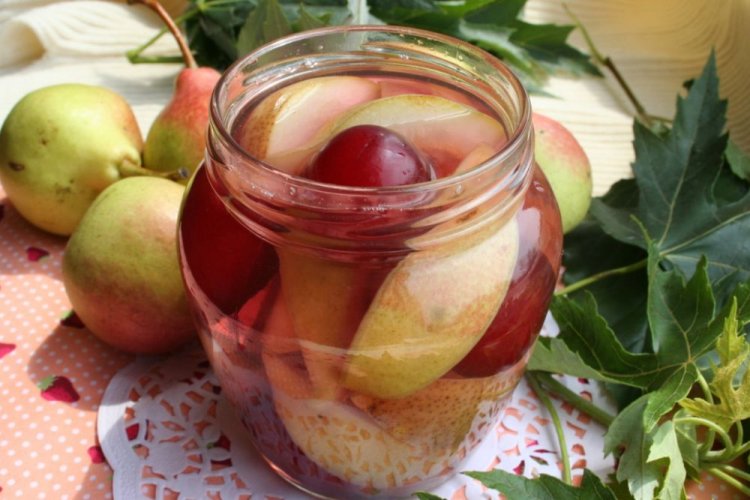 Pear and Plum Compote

=-=-=-=-=

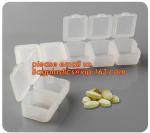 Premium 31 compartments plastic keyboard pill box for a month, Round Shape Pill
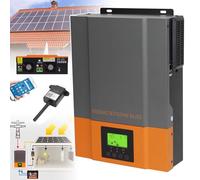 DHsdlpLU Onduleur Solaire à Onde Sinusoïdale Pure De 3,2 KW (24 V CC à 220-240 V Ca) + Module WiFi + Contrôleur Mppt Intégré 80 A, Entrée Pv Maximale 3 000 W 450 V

=-=-=-=-=

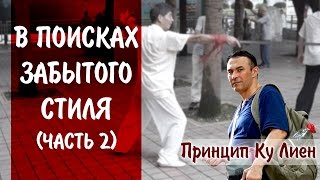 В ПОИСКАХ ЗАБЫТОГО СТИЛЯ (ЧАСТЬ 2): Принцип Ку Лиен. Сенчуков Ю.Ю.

=-=-=-=-=

Above are some records; extract exactly the lines from the one containing "Premium 31 compartments" through the one containing "DHsdlpLU Onduleur Solaire" and drop the pictures.

The completed task
 Premium 31 compartments plastic keyboard pill box for a month, Round Shape Pill
 DHsdlpLU Onduleur Solaire à Onde Sinusoïdale Pure De 3,2 KW (24 V CC à 220-240 V Ca) + Module WiFi + Contrôleur Mppt Intégré 80 A, Entrée Pv Maximale 3 000 W 450 V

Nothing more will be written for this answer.